Since $\Tr[(\powh{\rho})^2]=1$, we get that  
\begin{align*}
    \Tr[(\rho^{\sfrac{1}{4}} \Phi(\sigma) \rho^{\sfrac{1}{4}})^2] = \Tr[(\rho^{\sfrac{1}{4}} \Phi(\sigma) \rho^{\sfrac{1}{4}})^2] \Tr[(\powh{\rho})^2] 
    \geq \Tr[(\rho^{\sfrac{1}{4}} \Phi(\sigma) \rho^{\sfrac{1}{4}})\powh{\rho}]^2 = \innerprod{\rho}{\Phi(\sigma)}^2
\end{align*}
where the inequality follows by Cauchy-Schwarz. Moreover, if equality holds then $\rho^{\sfrac{1}{4}} \Phi(\sigma) \rho^{\sfrac{1}{4}} = c\powh{\rho}$ for some scalar $c$. Consequently,  $\powh{\rho} \Phi(\sigma) \powh{\rho} = \rho^{\sfrac{1}{4}} (\rho^{\sfrac{1}{4}} \Phi(\sigma) \rho^{\sfrac{1}{4}}) \rho^{\sfrac{1}{4}} = c \rho$, and so $\new{\rho} = \frac{c}{\innerprod{\rho}{\Phi(\sigma)}} \rho = \rho$ (since $\Tr[\new{\rho}] = 1$).
Putting everything together we get that $\innerprod{\new{\rho}}{\Phi(\sigma)} \geq \innerprod{\rho}{\Phi(\sigma)}$ with equality if and only if $\new{\rho} = \rho$. Similarly, $\innerprod{\rho}{\Phi(\sigma)}$ is also strictly increasing under the $\sigma$-update unless $\new{\sigma} = \sigma$.
\end{proof}



As a consequence of Theorem \ref{thm:nondecreasingutilitydiscrete},  either agent could individually perform an update at any given  time and increase the common utility, allowing  \ref{eqn:_DQREP} to be viewed  a {\em decentralized} dynamic where the agents do not need to coordinate 
the order in which they perform  updates. 

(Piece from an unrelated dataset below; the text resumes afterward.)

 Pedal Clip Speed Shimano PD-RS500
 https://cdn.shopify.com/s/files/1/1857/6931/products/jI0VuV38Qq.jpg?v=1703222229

Next, we   obtain a result about convergence to fixed points for \ref{eqn:_DQREP} similarly to   \ref{eqn:_QREP}. 

\begin{corollary}
\label{thm:_hofsigUpdatesAlternating_limitpoints_ClosedConnectedFixedPts}
    The set of limit points of an orbit $\{\big(\rho(t),\sigma(t)\big)\}_{t\in \mathbb{N}}$ of  \ref{eqn:_DQREP}  is a compact, connected set of fixed points.
\end{corollary}


The proof of this result follows directly from an extension of the fundamental convergence theorem by \cite{losert1983dynamics} to general compact sets (see
Theorem~\ref{thm:_LimitSetCompactConnected_DiscreteTime}).

Finally, we relate the fixed points of \ref{eqn:_DQREP}  with the fixed points of~\ref{eqn:_QREP}.


\begin{theorem}
\label{thm:_FixedPointsSame_ContTime_DiscreteTime}
    The set of fixed points of the discrete-time update rule \ref{eqn:_DQREP} is equal to the set of fixed points of the continuous-time gradient flow \ref{eqn:_QREP}.
\end{theorem}
The proof is deferred to Appendix~\ref{proof:fixedpoint}.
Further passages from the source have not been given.